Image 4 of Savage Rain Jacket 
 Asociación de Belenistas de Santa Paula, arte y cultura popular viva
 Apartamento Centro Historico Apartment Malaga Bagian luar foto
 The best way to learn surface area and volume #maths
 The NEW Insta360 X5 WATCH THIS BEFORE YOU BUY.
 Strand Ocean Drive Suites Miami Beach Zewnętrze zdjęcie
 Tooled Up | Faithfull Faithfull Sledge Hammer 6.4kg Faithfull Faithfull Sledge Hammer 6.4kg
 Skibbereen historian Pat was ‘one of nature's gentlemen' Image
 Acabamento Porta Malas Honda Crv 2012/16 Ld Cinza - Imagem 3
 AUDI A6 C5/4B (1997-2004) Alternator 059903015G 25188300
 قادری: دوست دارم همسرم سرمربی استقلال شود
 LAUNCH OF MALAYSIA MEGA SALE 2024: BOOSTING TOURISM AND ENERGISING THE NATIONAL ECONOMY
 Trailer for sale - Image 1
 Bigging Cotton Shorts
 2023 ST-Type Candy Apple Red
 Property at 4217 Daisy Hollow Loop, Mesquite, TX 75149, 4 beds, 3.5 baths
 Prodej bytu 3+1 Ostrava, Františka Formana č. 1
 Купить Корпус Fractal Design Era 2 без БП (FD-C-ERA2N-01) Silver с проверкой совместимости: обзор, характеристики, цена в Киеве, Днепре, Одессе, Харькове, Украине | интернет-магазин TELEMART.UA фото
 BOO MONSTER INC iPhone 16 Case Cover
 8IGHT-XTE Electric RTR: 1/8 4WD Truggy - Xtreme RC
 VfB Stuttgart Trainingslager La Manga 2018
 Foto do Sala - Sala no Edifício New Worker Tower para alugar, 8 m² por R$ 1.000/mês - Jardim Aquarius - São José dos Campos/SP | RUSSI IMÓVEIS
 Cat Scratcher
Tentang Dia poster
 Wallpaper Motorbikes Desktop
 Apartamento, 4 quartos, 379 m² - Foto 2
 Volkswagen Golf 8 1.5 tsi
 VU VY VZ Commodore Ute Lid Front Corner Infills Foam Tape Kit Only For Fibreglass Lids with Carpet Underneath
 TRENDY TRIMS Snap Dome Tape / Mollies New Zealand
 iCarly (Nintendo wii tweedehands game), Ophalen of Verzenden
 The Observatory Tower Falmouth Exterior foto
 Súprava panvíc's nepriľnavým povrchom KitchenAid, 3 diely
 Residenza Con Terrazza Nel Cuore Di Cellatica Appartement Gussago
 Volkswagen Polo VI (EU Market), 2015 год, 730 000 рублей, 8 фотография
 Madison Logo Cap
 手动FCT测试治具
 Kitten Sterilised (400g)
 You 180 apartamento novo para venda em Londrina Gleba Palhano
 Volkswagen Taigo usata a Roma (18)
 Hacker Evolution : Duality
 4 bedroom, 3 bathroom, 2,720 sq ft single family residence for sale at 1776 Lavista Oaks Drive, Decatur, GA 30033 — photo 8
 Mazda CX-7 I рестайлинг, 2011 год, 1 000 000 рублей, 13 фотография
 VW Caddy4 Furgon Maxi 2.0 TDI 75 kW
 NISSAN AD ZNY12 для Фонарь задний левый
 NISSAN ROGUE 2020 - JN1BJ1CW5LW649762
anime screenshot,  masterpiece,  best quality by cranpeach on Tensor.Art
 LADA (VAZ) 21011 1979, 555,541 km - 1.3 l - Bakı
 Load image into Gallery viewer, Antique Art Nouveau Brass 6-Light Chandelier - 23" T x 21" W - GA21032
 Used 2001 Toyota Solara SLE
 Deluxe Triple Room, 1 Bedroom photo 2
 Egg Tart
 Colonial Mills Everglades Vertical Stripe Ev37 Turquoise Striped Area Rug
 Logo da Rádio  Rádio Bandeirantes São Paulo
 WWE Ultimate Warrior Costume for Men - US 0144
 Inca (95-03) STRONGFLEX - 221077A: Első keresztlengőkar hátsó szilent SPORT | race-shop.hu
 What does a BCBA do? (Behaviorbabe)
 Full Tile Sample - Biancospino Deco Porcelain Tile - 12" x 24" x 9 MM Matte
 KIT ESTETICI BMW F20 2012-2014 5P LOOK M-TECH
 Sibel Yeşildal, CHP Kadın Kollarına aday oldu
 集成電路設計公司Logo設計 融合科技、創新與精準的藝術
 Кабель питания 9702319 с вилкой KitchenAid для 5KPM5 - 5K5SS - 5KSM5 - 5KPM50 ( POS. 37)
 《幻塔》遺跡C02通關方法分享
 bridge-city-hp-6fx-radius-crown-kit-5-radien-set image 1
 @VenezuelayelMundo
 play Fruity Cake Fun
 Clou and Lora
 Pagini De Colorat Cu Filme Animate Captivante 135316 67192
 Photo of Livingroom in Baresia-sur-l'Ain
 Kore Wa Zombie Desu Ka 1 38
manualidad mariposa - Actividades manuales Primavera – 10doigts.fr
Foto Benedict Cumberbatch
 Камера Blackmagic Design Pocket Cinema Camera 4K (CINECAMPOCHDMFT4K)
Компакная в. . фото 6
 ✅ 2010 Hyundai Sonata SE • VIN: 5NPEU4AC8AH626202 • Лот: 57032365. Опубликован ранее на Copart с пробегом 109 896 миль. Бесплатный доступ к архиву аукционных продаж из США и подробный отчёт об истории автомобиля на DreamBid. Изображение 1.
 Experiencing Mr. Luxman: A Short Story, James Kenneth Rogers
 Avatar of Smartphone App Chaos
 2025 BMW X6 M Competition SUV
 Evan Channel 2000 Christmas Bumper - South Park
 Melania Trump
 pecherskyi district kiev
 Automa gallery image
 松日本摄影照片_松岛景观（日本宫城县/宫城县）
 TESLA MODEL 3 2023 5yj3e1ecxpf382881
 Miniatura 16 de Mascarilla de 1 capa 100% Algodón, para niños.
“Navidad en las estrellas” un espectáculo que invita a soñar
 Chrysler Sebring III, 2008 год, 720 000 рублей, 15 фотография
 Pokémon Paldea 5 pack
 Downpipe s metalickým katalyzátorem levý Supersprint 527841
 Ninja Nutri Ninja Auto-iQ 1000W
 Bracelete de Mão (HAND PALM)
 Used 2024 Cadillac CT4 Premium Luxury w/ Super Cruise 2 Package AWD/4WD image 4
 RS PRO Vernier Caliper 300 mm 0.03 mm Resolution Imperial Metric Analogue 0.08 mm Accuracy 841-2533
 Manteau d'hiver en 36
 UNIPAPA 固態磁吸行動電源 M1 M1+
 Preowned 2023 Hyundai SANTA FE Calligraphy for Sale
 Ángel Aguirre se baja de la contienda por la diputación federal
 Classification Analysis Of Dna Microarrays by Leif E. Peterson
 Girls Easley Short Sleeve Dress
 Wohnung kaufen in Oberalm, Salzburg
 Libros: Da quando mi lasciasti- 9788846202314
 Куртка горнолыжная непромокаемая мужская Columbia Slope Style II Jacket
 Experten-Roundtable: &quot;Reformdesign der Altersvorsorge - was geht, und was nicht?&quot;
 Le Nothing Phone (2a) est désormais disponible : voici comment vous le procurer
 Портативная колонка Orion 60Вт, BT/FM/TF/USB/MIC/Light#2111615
_ _ _ _ _ _ _
● PROBLEM STATEMENT
The response should hold exactly the lines starting at the line with "Камера Blackmagic Design" and ending at the line with "Preowned 2023 Hyundai", and no other line of the material above.

● FINISHED TASK
 Камера Blackmagic Design Pocket Cinema Camera 4K (CINECAMPOCHDMFT4K)
Компакная в. . фото 6
 ✅ 2010 Hyundai Sonata SE • VIN: 5NPEU4AC8AH626202 • Лот: 57032365. Опубликован ранее на Copart с пробегом 109 896 миль. Бесплатный доступ к архиву аукционных продаж из США и подробный отчёт об истории автомобиля на DreamBid. Изображение 1.
 Experiencing Mr. Luxman: A Short Story, James Kenneth Rogers
 Avatar of Smartphone App Chaos
 2025 BMW X6 M Competition SUV
 Evan Channel 2000 Christmas Bumper - South Park
 Melania Trump
 pecherskyi district kiev
 Automa gallery image
 松日本摄影照片_松岛景观（日本宫城县/宫城县）
 TESLA MODEL 3 2023 5yj3e1ecxpf382881
 Miniatura 16 de Mascarilla de 1 capa 100% Algodón, para niños.
“Navidad en las estrellas” un espectáculo que invita a soñar
 Chrysler Sebring III, 2008 год, 720 000 рублей, 15 фотография
 Pokémon Paldea 5 pack
 Downpipe s metalickým katalyzátorem levý Supersprint 527841
 Ninja Nutri Ninja Auto-iQ 1000W
 Bracelete de Mão (HAND PALM)
 Used 2024 Cadillac CT4 Premium Luxury w/ Super Cruise 2 Package AWD/4WD image 4
 RS PRO Vernier Caliper 300 mm 0.03 mm Resolution Imperial Metric Analogue 0.08 mm Accuracy 841-2533
 Manteau d'hiver en 36
 UNIPAPA 固態磁吸行動電源 M1 M1+
 Preowned 2023 Hyundai SANTA FE Calligraphy for Sale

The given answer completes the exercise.